What this task involves:
Only one span of the listing below should come back. It runs from the line with "4-(2,5-Dimethoxyphenyl)-4-oxobutanoic Acid - Chemical" through the line with "Iman Moaddeli", and each of its lines must be reproduced exactly.

Segment Start: Data under study

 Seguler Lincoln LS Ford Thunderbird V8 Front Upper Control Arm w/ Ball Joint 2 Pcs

Segment End: Data under study
Segment Start: Data under study

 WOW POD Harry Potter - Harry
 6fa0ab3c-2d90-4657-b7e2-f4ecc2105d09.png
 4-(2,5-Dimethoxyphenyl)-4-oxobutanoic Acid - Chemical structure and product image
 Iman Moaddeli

Segment End: Data under study

Solved problem:
 4-(2,5-Dimethoxyphenyl)-4-oxobutanoic Acid - Chemical structure and product image
 Iman Moaddeli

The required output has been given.